Show that when X follows an exponential distribution with parameter ,E.X n / D nŠ= n, n  0

It seems like there's a bit of confusion in your question as it contains some special characters that are not clearly defined. However, I'll provide a general solution for the expected value of an exponential distribution.

The exponential distribution is defined as:

f(x|λ) = λe^(-λx) for x >= 0, and 0 otherwise.

Where:

• λ > 0 is the rate parameter
• x is a random variable

The expected value (E[X]) of an exponential distribution is calculated as:

E[X] = ∫_0^∞ xλe^(-λx) dx

To solve this integral, we can use integration by parts, where:

u = x, dv = λe^(-λx) dx du = dx, v = -e^(-λx)
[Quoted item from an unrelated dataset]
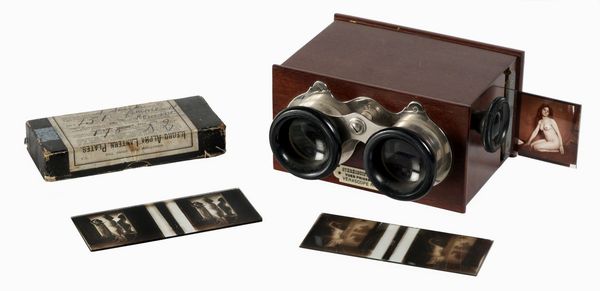 VERASCOPE RICHARD [JULES RICHARD] : Visore stereoscopico Richard con serie di 13 diapositive stereoscopiche di genere erotico.  - Asta Fotografie storiche - Associazione Nazionale - Case d'Asta italiane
According to the integration by parts formula ∫udv = uv - ∫vdu, we get:

E[X] = [-xe^(-λx)]_0^∞ + ∫_0^∞ e^(-λx) dx

The first term of the right hand side is zero (you can confirm this by substituting the limits of x). The second term is the integral of an exponential distribution, which is equal to 1/λ.

So, the expected value E[X] = 1/λ.

This shows that the expected value of an exponential distribution with rate parameter λ is 1/λ. If you meant something different with your question, please provide additional details or clarify the special characters.